Now think of media coverage across all the broadcast and print media.

How often has the media reflected the republican viewpoint of a third of the population? Far, far less than a third of the time. Closer to 0 percent than 1 percent. Yes, there are bits of the media that dislike Meghan, for being black or are willing to go after Prince Andrew. But the institution of the monarchy itself?

There can be no clearer example than the monarchy of the unrelenting media propaganda by which the establishment maintains its grip.

The corporate and state media are unanimous in slavish support of monarchy. Thailand has vicious laws protecting its monarchy. We don’t need them; we have the ownership of state and corporate media enforcing the same.

sentiment is "rip to the queen" but "rip to the monarhcy, too".

full article here.


Thanks mate and don’t worry about it.
:lol:
 
Without the monarchy, parliament and such, most of you wouldn't have been born. We wouldn't be living in a free country. Some lax people here taking utter shite.

RIP QE2
 
Without the monarchy, parliament and such, most of you wouldn't have been born. We wouldn't be living in a free country. Some lax people here taking utter shite.
:lol:

without the nazis and pol pot and a bunch of other terrible stuff that had an effect on the course of history, billions or people wouldn't be alive either. nor would we be alive if genghis khan hadn't murdered millions of people. it's a ridiculous argument.

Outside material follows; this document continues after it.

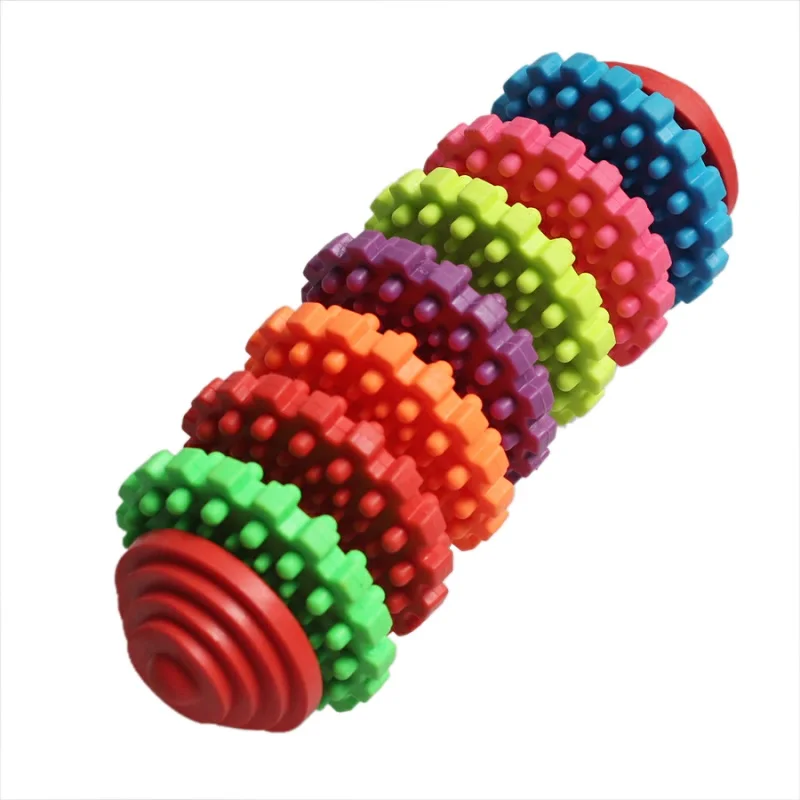 Colorful Swivel Красочная вращающаяся игрушка в форме шестерни, игрушка для собаки, резина для жевания, чистящая игрушка, анти укус, домашние животные, собака, молярный мяч, Игрушки для маленьких, средних и больших собак - Цвет: Colorful Swivel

and i'd condition "free country" with "relatively". if you elect representatives that bow their heads to people dressed up as curtains because of history or something and someone's postcode determines whether they'll live and die poor or rich, statistically, and the popular will on so many issues is never actually converted into political action, then how free are you? if you need capital to be free, which you do in a capitalist society, and the majority are born without capital and so have to work their entire lives just to live, how free are you?

we have the freedom to complain about it. that's not nothing but it isn't the kind of freedom you'd want from a "democracy", is it.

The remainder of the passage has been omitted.